What to produce: Copy the data exactly. Images are to be left out.

BEGIN Data extract

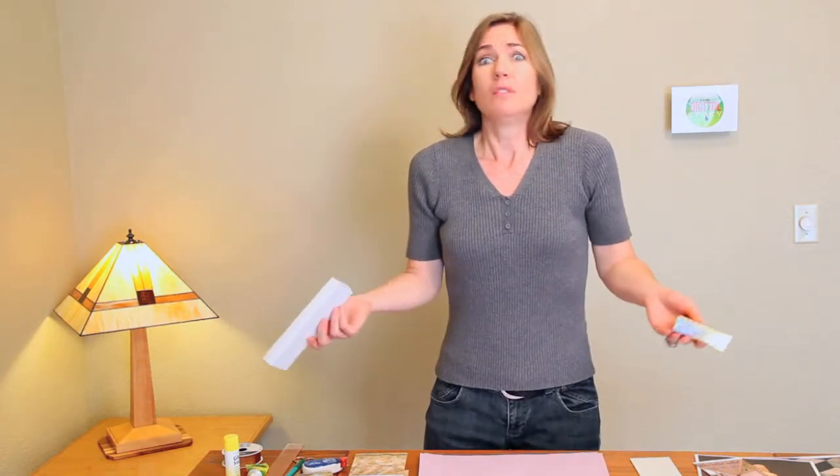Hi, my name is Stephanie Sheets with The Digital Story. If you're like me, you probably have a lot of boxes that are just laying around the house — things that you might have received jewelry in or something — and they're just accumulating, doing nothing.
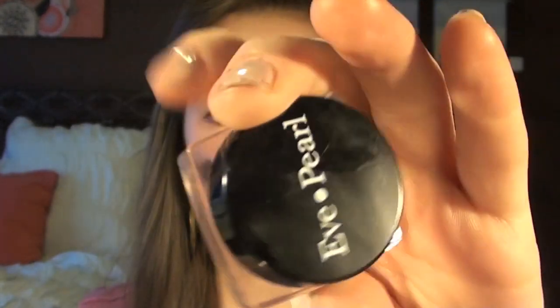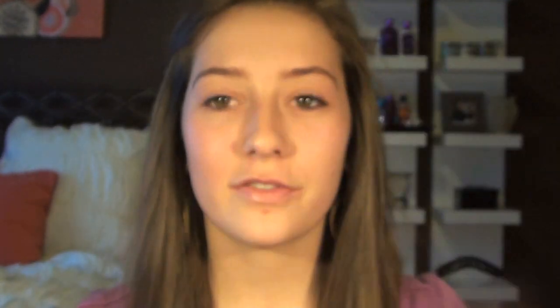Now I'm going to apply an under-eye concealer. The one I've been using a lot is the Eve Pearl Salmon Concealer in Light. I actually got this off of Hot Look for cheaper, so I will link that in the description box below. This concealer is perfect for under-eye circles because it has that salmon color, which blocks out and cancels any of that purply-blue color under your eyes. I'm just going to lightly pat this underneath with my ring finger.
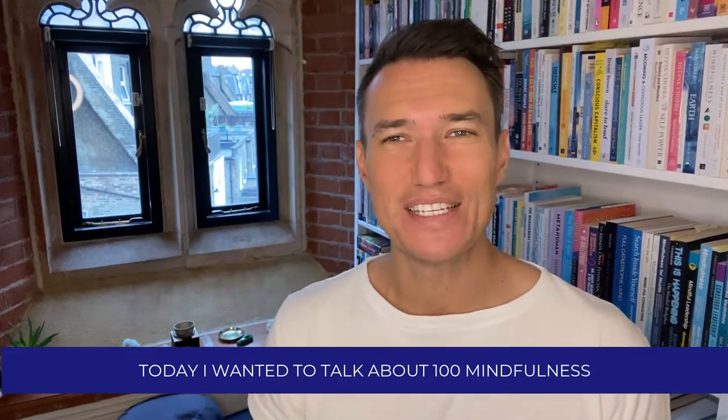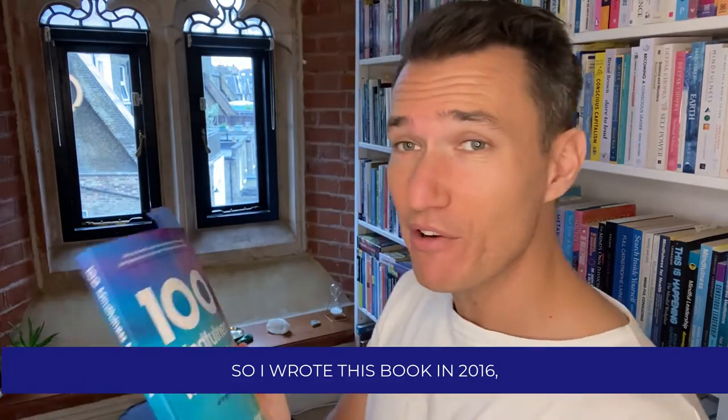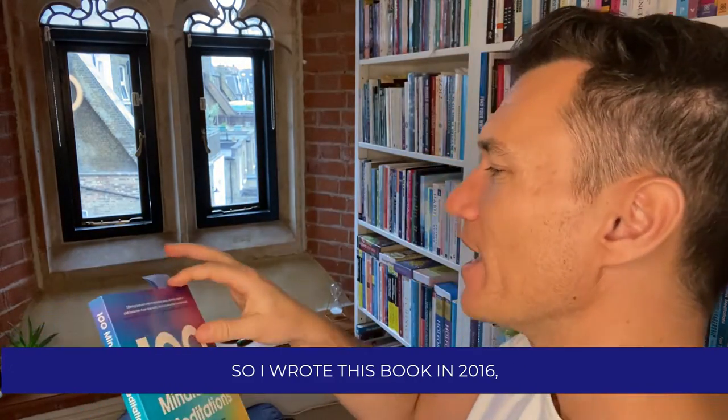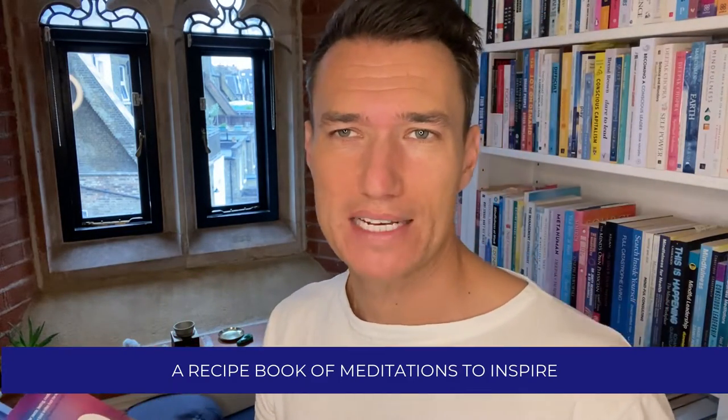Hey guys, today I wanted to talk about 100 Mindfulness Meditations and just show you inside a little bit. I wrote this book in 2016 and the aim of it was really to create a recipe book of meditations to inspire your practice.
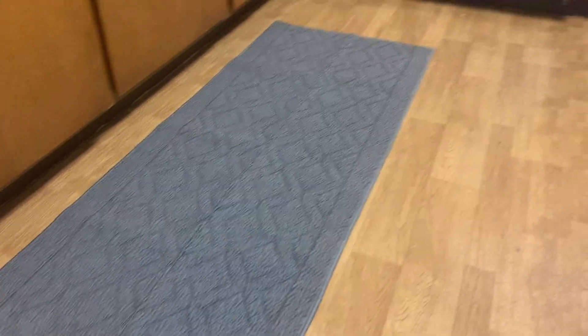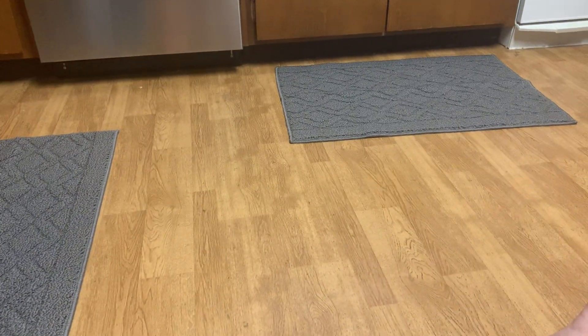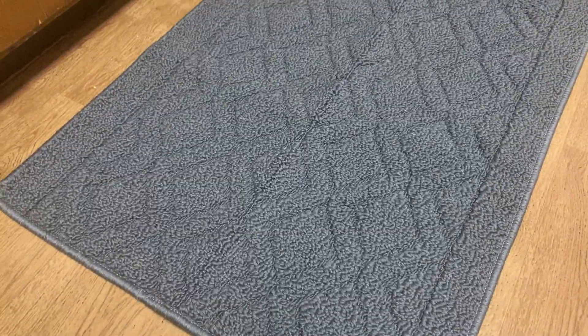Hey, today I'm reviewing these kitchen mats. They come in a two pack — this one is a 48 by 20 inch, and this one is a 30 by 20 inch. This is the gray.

END Data extract

Task response:
Hi, my name is Stephanie Sheets with The Digital Story. If you're like me, you probably have a lot of boxes that are just laying around the house — things that you might have received jewelry in or something — and they're just accumulating, doing nothing.
Now I'm going to apply an under-eye concealer. The one I've been using a lot is the Eve Pearl Salmon Concealer in Light. I actually got this off of Hot Look for cheaper, so I will link that in the description box below. This concealer is perfect for under-eye circles because it has that salmon color, which blocks out and cancels any of that purply-blue color under your eyes. I'm just going to lightly pat this underneath with my ring finger.
Hey guys, today I wanted to talk about 100 Mindfulness Meditations and just show you inside a little bit. I wrote this book in 2016 and the aim of it was really to create a recipe book of meditations to inspire your practice.
Hey, today I'm reviewing these kitchen mats. They come in a two pack — this one is a 48 by 20 inch, and this one is a 30 by 20 inch. This is the gray.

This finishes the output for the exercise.